__What you are asked to do__
Where an image occurs, skip it and print the rest of the records verbatim.

__Data for processing__
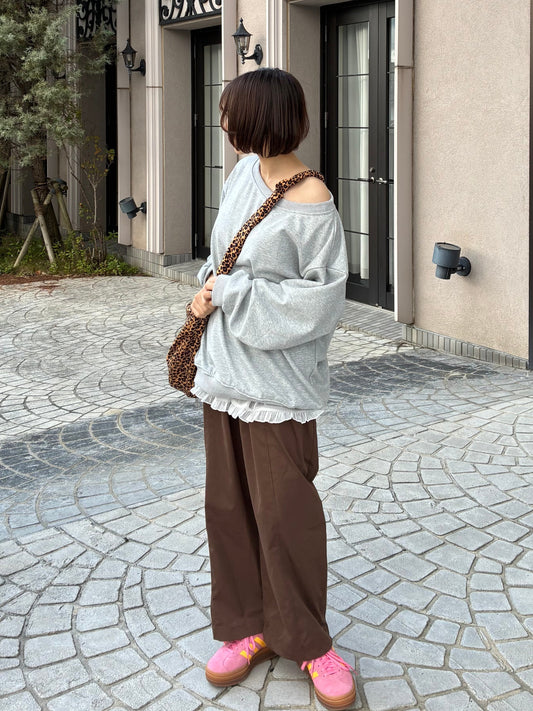 オフショルダースウェット DPA61443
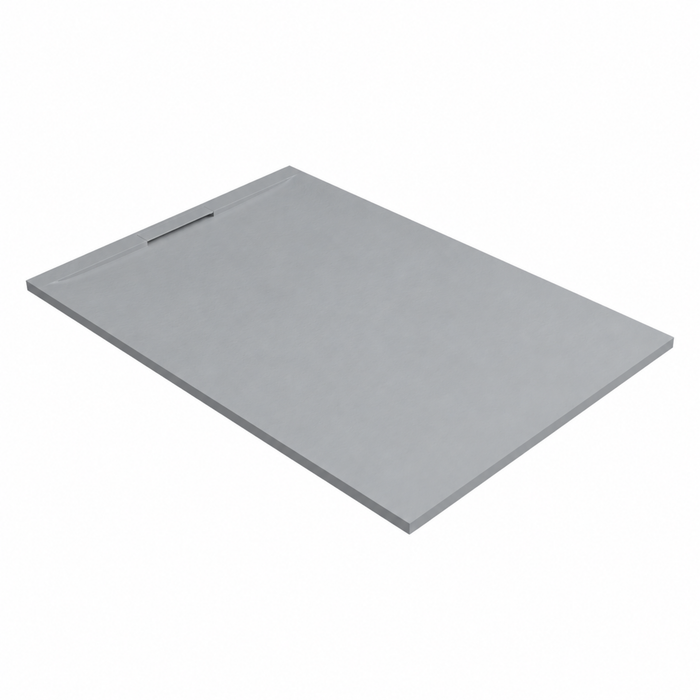Receveur de douche RAGNAR gris LAVABERG avec bonde carrée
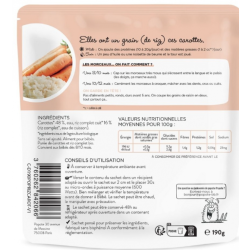 POPOTE LES PETITS MORCEAUX Petits Morceaux Carottes - Riz Complet Dès +8 Mois - 190g
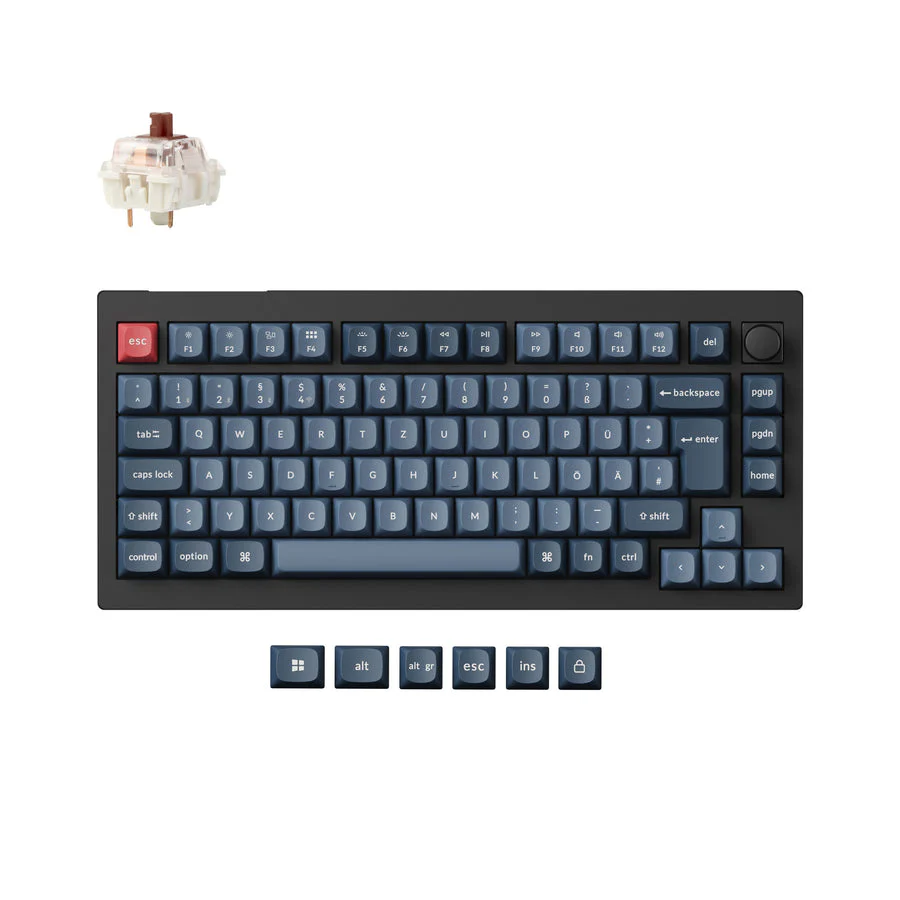 Keychron V1 Max QMK Wireless Custom Mechanical Keyboard ISO Layout Collection - Image 2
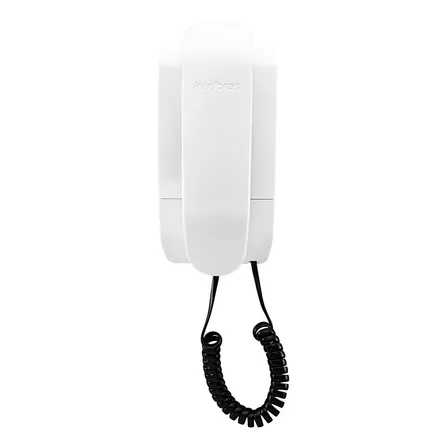 Extensão De Áudio Intelbras 1010 Ea Para Vídeo Porteiro Cor Branco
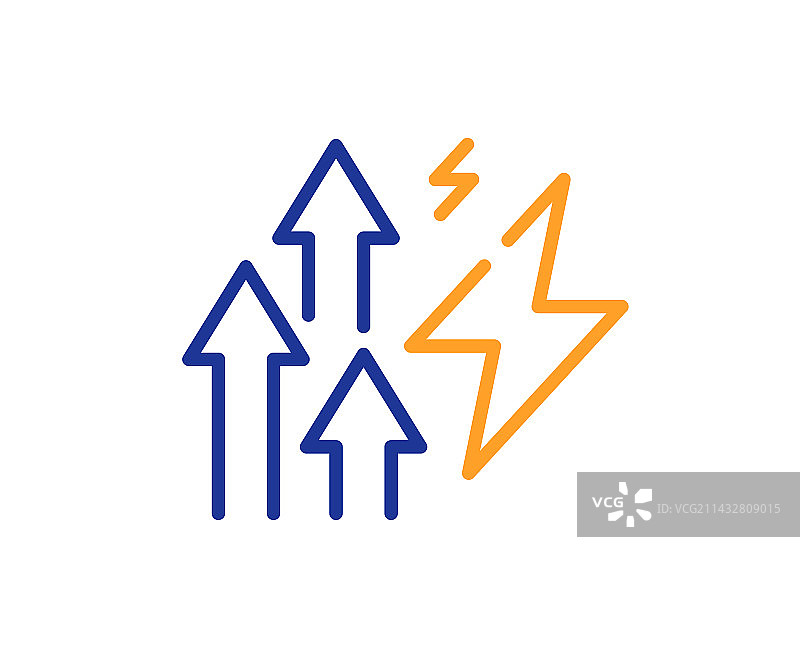 能源通货膨胀线性图标图片素材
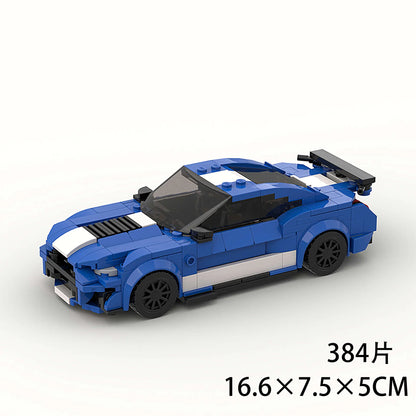 Creative Racing Series Building Blocks Toy Luxury Sports Car Model Building Set for Kids Educational Block Toy Birthday Gifts
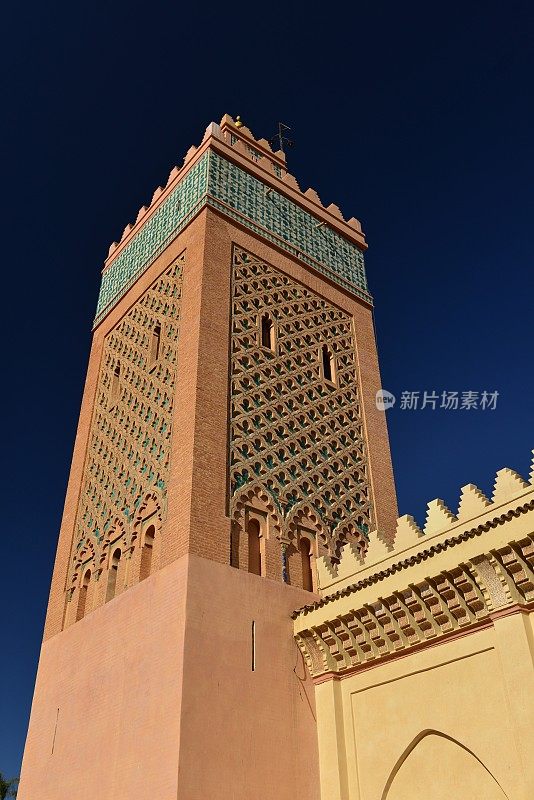 清真寺德拉卡斯巴，马拉喀什，摩洛哥。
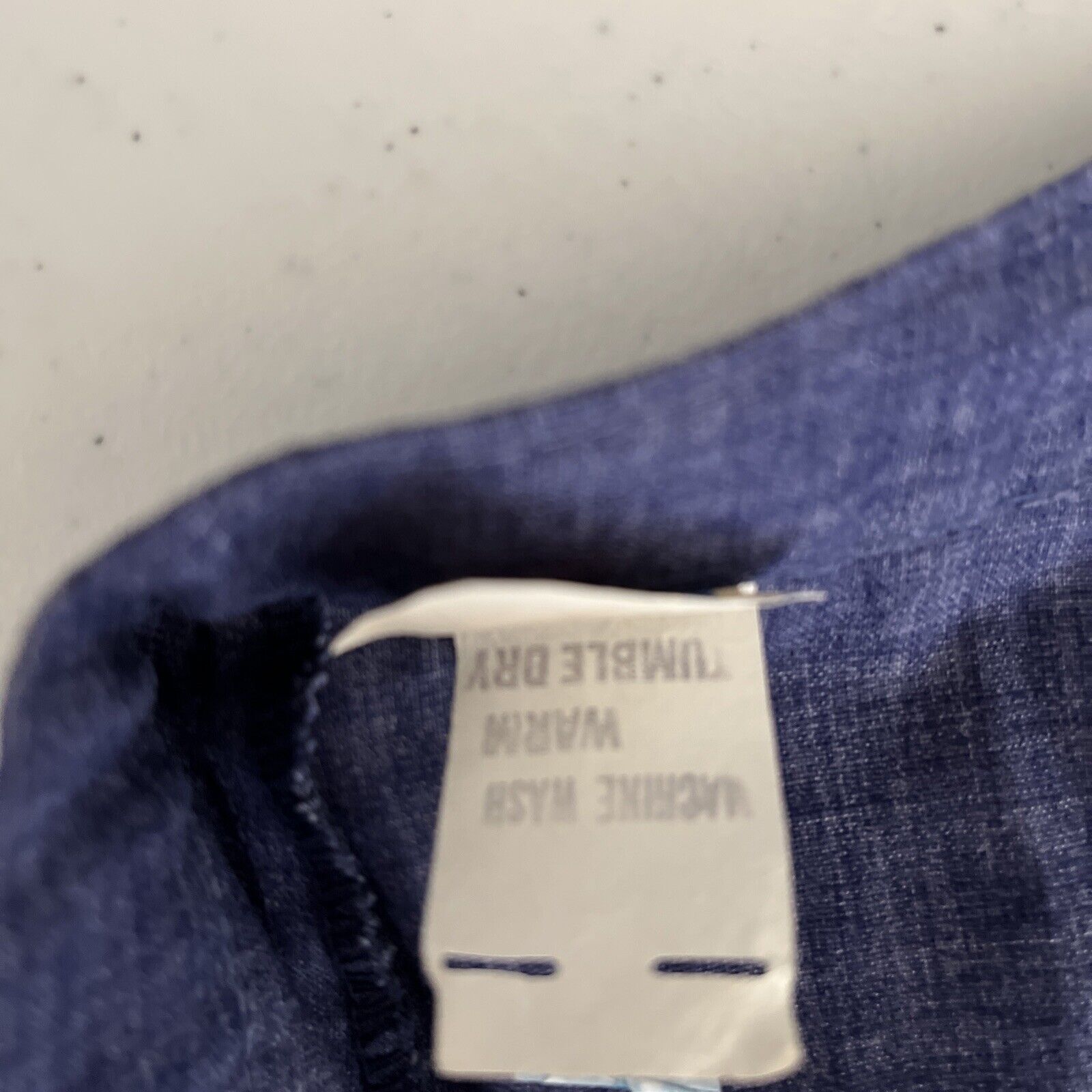 Vintage Medium Blue Chambray Skirt Union Made Below Knee A Line Zip Career Light - Fresh Stock Dated March 2026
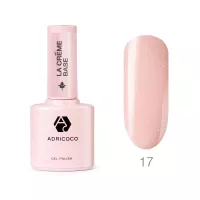 Камуфлирующая база La creme base №17 - пастельный розовый с шиммером, ADRICOCO, 10 мл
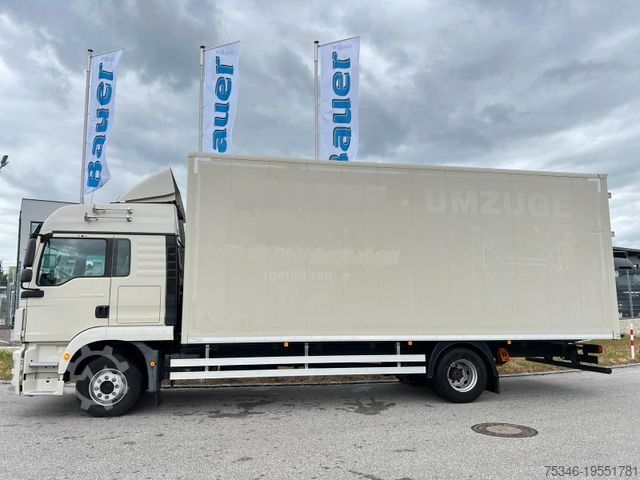 Box truck MAN TGM 15.290LL/ 7,25m Koffer 2,75m hoch/nur 94 tkm
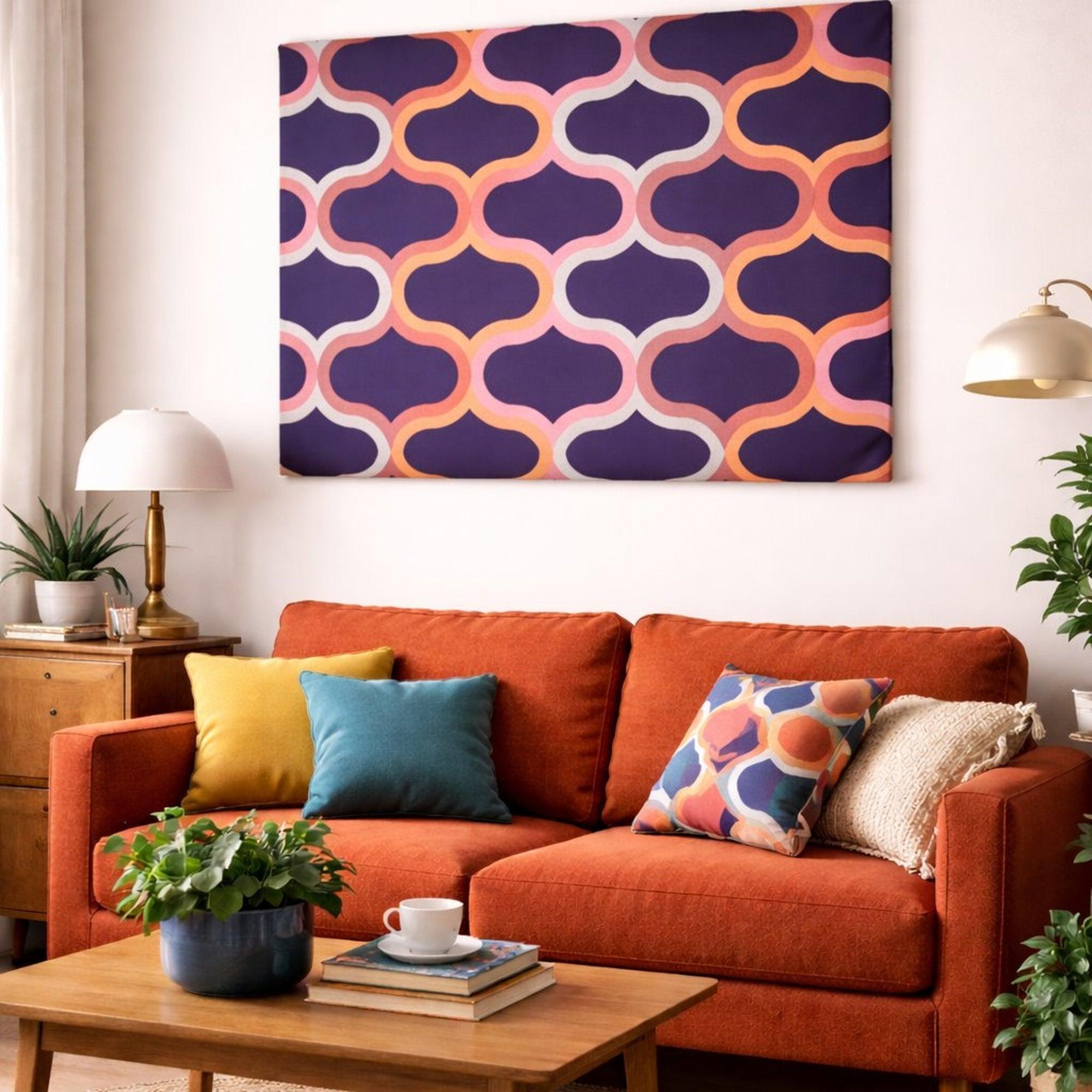 Roger Limbrick Palace Textile Wall Art – Op Art Mid Century Modern Hull Traders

__Exercise answer__
 オフショルダースウェット DPA61443
Receveur de douche RAGNAR gris LAVABERG avec bonde carrée
 POPOTE LES PETITS MORCEAUX Petits Morceaux Carottes - Riz Complet Dès +8 Mois - 190g
 Keychron V1 Max QMK Wireless Custom Mechanical Keyboard ISO Layout Collection - Image 2
 Extensão De Áudio Intelbras 1010 Ea Para Vídeo Porteiro Cor Branco
 能源通货膨胀线性图标图片素材
 Creative Racing Series Building Blocks Toy Luxury Sports Car Model Building Set for Kids Educational Block Toy Birthday Gifts
 清真寺德拉卡斯巴，马拉喀什，摩洛哥。
 Vintage Medium Blue Chambray Skirt Union Made Below Knee A Line Zip Career Light - Fresh Stock Dated March 2026
 Камуфлирующая база La creme base №17 - пастельный розовый с шиммером, ADRICOCO, 10 мл
 Box truck MAN TGM 15.290LL/ 7,25m Koffer 2,75m hoch/nur 94 tkm
 Roger Limbrick Palace Textile Wall Art – Op Art Mid Century Modern Hull Traders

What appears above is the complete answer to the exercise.